The cars were marketed in London by Acre Autocar Co, and in Essex by Glovers of Witham, and were not cheap with the 11 hp two seater costing £220, and £420 providing a 16/20 Landaulette. The company stopped production in 1912, probably as it was not a financial success with the set up costs for the tooling (said to be £60,000) probably not recouped.

It is believed that only two Bentall Cars still exist.

===Models===

| Model | Manufactured year | Cylinder | Displacement (cm^{3}) | Wheelbase (mm) | Source |
|---|---|---|---|---|---|
| 9 HP | 1906 | 2 | 1208 | 2438 |  |
| 16 HP | 1907–1910 | 4 | 2418 | 2819 |  |
| 11 HP | 1908–1909 | 2 | 2492 | 2438 |  |
| 16/20 HP | 1908–1912 | 4 | 2986 | 2819 |  |
| 16/20 HP | 1911–1913 | 4 | 3261 | 3048 |  |
| 18 HP | 1911–1913 | 4 | 3563 | 2972 |  |
| 8 HP | ? | 2 |  |  |  |
| 16 HP | ? | 2 |  |  |  |

==The agricultural business==
The company grew, producing stationary engines, valves and farm implements, was formally incorporated in 1909, and by the First World War was employing over 600 people. During the war part of the factory was turned over to producing shell casings. However in 1919 the company was convinced into joining a new concern, Agricultural & General Engineers Ltd. During the 1920s the company was the largest exporter of feed cutters, supplying France, Belgium, Netherlands, South Africa and Scandinavian countries. However the company was financially struggling, and in 1930 they sold off the workers housing. Agricultural & General Engineers collapsed during the early 1930s after some disastrous investments in new ventures in the British Empire. The Bentall company was bought from the administrators by Edward Bentall, and his son Charles went about rebuilding the business. During the Second World War, the company continued to make agricultural equipment, but also made small machines parts for Handley-Page before making complete assemblies for the Halifax bomber. The company was taken public by Charles Bentall in 1946, and three years later they purchased the business of Tamkin Brothers, transferring the works to Heybridge
where they had also invested in a new foundry. In 1955 Charles Bentall died, and during 1956-57 the company made a loss of £18,770. However the company appointed new chairman Godfrey Owtram at the beginning of 1956, and with his reorganisation, by March 1958 the company had returned to profit earning £57,168 and had purchased the business of J. W. Woolley & Co, transferring their production to Heybridge.
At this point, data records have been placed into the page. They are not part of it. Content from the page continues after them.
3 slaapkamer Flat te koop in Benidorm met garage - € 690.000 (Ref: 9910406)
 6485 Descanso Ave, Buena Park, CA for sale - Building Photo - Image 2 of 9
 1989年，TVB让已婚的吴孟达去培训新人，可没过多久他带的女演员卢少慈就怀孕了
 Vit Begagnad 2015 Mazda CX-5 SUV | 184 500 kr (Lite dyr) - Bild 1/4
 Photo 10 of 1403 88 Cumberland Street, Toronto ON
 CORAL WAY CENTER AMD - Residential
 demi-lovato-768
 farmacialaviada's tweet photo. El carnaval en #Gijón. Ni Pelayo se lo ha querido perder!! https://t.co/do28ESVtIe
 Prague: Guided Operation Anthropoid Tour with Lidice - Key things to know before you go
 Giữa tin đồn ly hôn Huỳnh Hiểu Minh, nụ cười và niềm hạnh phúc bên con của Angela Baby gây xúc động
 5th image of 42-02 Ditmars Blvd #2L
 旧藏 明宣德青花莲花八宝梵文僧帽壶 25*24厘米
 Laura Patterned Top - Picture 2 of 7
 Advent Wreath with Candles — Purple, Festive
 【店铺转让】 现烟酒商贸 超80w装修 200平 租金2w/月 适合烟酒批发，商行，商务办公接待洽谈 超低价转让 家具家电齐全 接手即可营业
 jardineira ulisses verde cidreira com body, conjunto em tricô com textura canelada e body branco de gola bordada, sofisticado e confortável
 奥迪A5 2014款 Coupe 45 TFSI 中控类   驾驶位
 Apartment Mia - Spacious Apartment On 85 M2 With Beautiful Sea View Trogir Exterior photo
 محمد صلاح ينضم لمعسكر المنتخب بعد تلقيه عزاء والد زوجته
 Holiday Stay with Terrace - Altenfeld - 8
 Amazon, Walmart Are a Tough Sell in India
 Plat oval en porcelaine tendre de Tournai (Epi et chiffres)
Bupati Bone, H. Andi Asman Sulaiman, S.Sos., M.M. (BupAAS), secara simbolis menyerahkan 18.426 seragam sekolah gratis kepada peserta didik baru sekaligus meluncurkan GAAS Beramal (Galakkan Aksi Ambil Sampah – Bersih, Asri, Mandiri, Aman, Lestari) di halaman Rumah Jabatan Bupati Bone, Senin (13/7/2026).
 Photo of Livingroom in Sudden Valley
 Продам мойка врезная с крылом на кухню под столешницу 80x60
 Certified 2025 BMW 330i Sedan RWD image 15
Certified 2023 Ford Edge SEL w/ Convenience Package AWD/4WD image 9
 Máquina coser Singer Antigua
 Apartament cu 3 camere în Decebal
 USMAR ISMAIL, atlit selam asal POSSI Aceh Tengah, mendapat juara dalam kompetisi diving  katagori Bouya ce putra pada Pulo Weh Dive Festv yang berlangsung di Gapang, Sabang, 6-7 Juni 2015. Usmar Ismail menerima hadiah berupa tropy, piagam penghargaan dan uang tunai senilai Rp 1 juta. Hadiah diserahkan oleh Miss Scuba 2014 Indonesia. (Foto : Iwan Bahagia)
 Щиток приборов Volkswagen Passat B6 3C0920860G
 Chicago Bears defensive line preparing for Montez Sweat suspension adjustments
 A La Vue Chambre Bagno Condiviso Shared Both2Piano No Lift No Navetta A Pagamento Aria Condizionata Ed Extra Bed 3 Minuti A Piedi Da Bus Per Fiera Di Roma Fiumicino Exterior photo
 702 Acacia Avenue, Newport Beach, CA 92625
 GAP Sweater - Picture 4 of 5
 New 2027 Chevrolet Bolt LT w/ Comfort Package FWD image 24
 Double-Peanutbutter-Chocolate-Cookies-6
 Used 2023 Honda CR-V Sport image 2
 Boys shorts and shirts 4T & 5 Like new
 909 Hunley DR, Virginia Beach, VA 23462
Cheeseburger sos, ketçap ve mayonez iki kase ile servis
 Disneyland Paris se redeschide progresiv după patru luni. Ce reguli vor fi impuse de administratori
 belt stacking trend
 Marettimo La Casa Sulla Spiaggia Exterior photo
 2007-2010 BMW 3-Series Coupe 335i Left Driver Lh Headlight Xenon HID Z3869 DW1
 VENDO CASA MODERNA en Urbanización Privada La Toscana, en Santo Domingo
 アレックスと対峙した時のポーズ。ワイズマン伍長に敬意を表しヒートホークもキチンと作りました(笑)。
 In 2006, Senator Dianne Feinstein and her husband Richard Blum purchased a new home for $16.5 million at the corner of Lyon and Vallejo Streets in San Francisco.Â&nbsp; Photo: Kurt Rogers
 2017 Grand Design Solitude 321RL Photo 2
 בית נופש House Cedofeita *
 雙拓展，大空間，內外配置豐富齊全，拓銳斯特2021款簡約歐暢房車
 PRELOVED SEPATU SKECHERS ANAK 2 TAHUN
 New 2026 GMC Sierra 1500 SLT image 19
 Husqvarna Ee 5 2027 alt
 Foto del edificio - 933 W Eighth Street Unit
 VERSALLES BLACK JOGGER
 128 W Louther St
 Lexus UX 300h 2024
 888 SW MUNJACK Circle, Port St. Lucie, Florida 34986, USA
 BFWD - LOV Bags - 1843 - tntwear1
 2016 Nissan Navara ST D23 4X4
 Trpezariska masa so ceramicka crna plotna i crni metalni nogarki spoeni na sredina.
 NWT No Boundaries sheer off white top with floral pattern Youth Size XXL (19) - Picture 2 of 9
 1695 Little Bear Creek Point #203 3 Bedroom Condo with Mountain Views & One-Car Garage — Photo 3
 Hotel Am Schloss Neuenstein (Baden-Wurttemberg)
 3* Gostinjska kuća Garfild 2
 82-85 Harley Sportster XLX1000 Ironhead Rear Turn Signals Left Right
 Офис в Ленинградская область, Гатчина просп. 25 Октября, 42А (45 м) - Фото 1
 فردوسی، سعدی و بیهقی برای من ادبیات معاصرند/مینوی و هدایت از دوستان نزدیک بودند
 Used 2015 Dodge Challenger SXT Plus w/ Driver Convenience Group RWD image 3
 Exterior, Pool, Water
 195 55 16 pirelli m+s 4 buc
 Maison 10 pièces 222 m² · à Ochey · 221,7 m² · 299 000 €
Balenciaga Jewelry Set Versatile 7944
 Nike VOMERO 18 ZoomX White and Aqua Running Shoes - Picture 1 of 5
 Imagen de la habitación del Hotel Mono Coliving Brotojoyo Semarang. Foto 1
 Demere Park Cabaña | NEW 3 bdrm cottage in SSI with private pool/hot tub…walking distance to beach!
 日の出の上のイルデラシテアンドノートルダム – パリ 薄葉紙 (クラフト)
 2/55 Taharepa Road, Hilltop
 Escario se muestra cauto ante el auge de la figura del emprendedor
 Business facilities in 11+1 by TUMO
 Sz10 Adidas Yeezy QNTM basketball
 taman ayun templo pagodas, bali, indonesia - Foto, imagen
In 1961, Bentalls was purchased by the Acrow group of companies for £460,000. Bentalls, under Acrow ownership, purchased greenhouse manufacturer Simplex in 1981 from GEC, merging the organisations to become Bentall Simplex. However Acrow went into receivership in 1984 and in the administrators report in the Financial Times, Bentall Simplex was reported to have a turnover of £10.5 million and an order book worth £15 million. The business at the time was the largest manufacturer of grain storage equipment in the UK, were manufacturers and designers of feed processing and cereal factories, and manufacturers of equipment to the coffee industry. Bentall Simplex was purchased from the administrators, with the new owners TB Group of Driffield, Yorkshire closing the Heybridge factory to concentrate on their Scunthorpe site. The factory at Maldon was sold to Chief Industries Inc. of Grand Island, Nebraska in 1985.